Managing partner Zach Young and executive chef Bruce Dunseith of Louie’s Wine Dive and Chevy Chase Kitchen celebrated its first year open in its location in Chevy Chase this month. Photo by Mark C. Walsh | Staff

Amanda Bryant

The curse of the Chevy Chase corner building at 854 E High St is soon to be broken with Louie’s Wine Dive celebrating its one year birthday at the location.

The restaurant first opened its doors last year and welcomed the Lexington community to a line of decadent wines and entrees. The supposed curse of the location began after The Saratoga restaurant closed several years ago, said Louie’s lead hostess, Kari Cooper.

This building has been about eight different restaurants over the last 10 years, which can be nerve wracking when looking at it as a potential location for a restaurant.

“I think we are going to stay,” Cooper said.

After the closing of Saratoga, the building changed hands several times. Businesses moved into the spot, but could not set down roots and grow into the community. Louie’s is now the front runner to make the location a lasting hang out and dining area for those seeking elegance with their meal and glass of wine.

Louie’s already had several locations around the country before deciding to expand to Lexington. General Manager Zach Young said the company was looking for a spot to grow and when they found the vacant building in need of a fresh face, they had to take it. Lexington has always had various restaurants to please the palate with wine and cuisine; however, Louie’s is different.

“It’s like a match made in heaven,” Young said when describing how the location of the building meets the desires of Louie’s to cater to the city of Lexington.

As soon as you enter the door, you are greeted by the hostess and welcomed into the restaurant with a warm and inviting environment. Wine bottle chandeliers illuminate the room and peaceful music plays in the background. TVs are running at the bar through the day, but are not a distraction to those wishing to enjoy a quiet evening.  

The restaurant not only caters to the young and new crowd of Lexington, but also to the same individuals who frequented the spot when it was The Saratoga. It was habit and legend for many Kentucky horse racing lovers to be at the restaurant to place bets and watch the races at Keeneland for additional luck. Young says they still come in to watch the races and place their bets.

“They did that back in the seventies when The Saratoga was here, and you know our brunches sometimes, you’ll see guys with betting books and newspapers because it brings them back to that place,” Young said.

Dinner is currently Louie’s best daily event with the most visitors coming during that time. They are hoping to bring more customers in for lunch and happy hour. The restaurant serves roughly 75 to 100 customers on the weekdays and 250 to 300 on the weekends per day, according to Young.

“We go through about 120 to 150 different types of wine a year,” Young said.

USA Today recently placed Louie’s Wine Dive on its “10 Greatest Restaurants With Amazing Wine Lists” according to the restaurant website. The standout for Louie’s comes from the wine choices being worldwide rather than only from California wineries, Young said.

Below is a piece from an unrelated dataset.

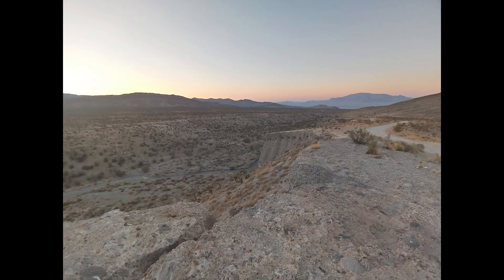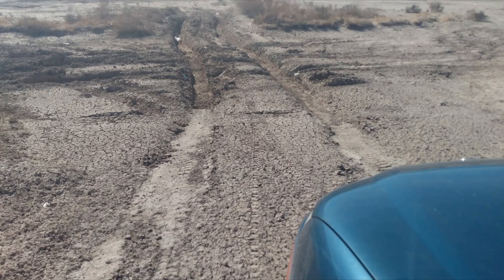A desert wash, also known as an arroyo or ephemeral stream, is a dry riverbed that only carries water during heavy rainstorms. They are typically found in arid regions like the American Southwest.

The restaurant is also a teaching location for wine enthusiasts. Classes are taught as private parties and servers have a wide knowledge of each wine to share with the customers when they place an order.

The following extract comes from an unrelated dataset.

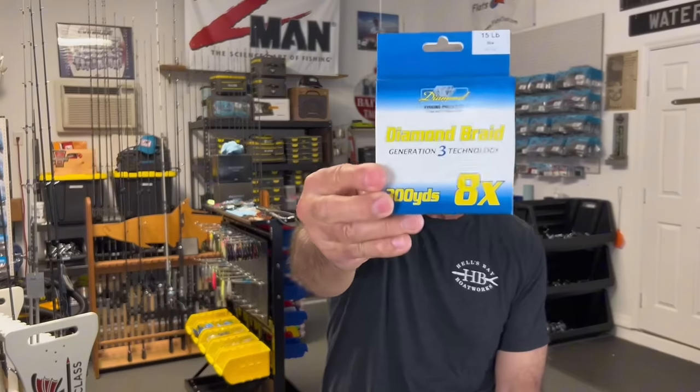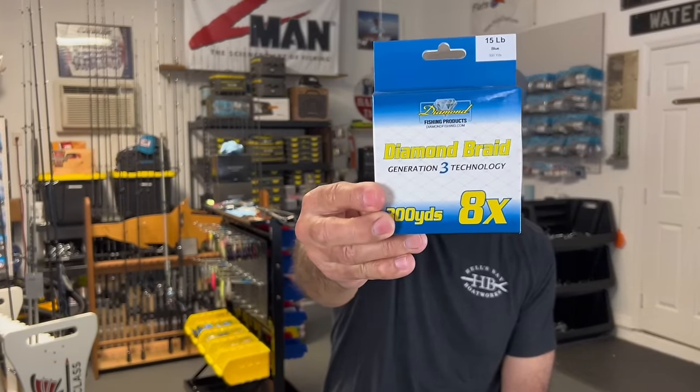Before we get started, I wanted to tell you about one of our sponsors, which is Diamond Fishing Products. They make a number of products — braided line, monofilament, fluorocarbon — that's what they're known for. But they also make some really great fishing tools and some terminal tackle that's worth checking out. It always helps me if you guys will reach out and investigate some of the products and the companies that support us to make this channel a little better.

“Our biggest thing is to take all the pretension out of wine, so people can actually appreciate it,” Young said.

Bourbon, craft beers and cocktails are also available at the restaurant as well as several other alcoholic beverages, which can be found on the restaurant’s website.

The location will be celebrating its one-year birthday this weekend from November 17 to November 19. On Friday night, the entire wine board will be $10 a glass, no matter the wine. On Saturday, all bottles bought in house are 25 percent off.  On Sunday, they will be tearing apart a roasted pig to invite the community in to help celebrate the breaking of the curse and hope to see new and familiar faces.